### [INFORMATION GIVEN]
------------------------------------------------------------------------

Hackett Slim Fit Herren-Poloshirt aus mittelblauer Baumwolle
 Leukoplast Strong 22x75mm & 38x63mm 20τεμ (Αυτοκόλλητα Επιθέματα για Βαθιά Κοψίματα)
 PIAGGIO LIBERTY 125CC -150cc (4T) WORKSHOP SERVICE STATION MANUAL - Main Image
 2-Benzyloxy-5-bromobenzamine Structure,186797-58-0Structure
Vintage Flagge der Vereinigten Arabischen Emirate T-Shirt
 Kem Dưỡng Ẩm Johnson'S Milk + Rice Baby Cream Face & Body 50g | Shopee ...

------------------------------------------------------------------------

### [DIRECTIONS]
Each line from the one containing "Vintage Flagge der" through the last line of the entries above is to be returned exactly, and no others.

### [RESPONSE TO THIS TASK]
Vintage Flagge der Vereinigten Arabischen Emirate T-Shirt
 Kem Dưỡng Ẩm Johnson'S Milk + Rice Baby Cream Face & Body 50g | Shopee ...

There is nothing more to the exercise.